- **Listed records**:
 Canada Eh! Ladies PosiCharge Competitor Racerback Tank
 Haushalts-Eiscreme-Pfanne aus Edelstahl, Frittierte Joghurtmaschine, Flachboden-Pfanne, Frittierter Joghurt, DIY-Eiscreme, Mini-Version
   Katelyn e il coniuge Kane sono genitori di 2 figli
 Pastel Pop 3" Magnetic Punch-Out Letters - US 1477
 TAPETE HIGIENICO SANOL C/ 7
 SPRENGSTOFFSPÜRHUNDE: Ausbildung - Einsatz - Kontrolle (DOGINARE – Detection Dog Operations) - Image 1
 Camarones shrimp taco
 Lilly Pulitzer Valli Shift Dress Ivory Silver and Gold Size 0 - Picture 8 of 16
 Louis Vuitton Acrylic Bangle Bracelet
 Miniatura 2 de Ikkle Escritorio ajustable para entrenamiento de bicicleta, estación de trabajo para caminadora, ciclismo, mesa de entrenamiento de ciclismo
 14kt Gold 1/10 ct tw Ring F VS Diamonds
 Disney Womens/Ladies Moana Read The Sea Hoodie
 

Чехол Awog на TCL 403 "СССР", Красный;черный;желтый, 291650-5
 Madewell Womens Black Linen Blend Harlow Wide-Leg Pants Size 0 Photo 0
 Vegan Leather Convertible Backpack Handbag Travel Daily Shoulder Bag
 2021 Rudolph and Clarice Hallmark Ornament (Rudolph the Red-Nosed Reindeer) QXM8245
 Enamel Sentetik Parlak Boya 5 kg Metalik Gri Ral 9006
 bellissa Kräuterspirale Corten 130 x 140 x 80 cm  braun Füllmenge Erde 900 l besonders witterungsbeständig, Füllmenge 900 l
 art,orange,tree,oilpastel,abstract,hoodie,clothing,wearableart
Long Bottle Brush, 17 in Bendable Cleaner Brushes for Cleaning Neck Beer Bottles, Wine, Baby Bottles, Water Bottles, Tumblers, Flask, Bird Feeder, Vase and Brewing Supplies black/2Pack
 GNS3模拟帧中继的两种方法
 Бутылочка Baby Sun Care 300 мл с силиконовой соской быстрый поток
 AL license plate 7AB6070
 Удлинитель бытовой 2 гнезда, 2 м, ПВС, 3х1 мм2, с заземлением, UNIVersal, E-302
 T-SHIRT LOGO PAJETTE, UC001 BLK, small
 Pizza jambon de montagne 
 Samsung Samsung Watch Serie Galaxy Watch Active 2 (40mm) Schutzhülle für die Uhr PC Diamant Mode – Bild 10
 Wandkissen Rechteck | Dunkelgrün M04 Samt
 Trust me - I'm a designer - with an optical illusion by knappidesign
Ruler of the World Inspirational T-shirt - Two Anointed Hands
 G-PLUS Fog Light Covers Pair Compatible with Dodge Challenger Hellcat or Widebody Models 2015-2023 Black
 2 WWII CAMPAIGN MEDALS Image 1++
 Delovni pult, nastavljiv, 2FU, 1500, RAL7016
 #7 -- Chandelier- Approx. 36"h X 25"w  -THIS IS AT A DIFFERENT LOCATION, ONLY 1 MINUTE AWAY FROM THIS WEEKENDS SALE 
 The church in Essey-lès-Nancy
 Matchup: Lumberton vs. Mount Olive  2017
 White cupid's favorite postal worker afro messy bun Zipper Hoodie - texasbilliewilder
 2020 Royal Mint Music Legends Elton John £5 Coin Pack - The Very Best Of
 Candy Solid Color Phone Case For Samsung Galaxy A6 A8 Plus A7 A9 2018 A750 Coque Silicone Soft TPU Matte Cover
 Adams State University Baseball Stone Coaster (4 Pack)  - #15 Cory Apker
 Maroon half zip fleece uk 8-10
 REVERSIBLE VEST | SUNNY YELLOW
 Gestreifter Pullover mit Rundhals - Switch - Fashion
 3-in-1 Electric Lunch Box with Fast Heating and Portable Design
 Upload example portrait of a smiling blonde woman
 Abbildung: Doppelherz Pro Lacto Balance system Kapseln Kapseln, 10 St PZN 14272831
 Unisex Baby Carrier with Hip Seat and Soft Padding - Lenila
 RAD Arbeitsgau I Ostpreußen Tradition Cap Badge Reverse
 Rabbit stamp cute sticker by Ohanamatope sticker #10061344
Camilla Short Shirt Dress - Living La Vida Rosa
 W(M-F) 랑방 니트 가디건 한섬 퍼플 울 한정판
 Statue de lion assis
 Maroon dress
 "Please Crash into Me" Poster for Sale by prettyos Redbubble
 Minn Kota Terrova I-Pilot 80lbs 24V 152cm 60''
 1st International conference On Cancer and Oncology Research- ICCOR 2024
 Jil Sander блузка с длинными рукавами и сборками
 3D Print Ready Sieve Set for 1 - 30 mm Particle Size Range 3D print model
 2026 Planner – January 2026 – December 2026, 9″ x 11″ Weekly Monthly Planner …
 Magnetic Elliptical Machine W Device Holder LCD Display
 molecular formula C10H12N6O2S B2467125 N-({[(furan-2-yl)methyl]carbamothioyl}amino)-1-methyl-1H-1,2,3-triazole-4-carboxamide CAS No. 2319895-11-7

- **Description of the task**: Please copy out every line of the preceding listing that carries "Ladies".

- **Your solution**:
 Canada Eh! Ladies PosiCharge Competitor Racerback Tank
 Disney Womens/Ladies Moana Read The Sea Hoodie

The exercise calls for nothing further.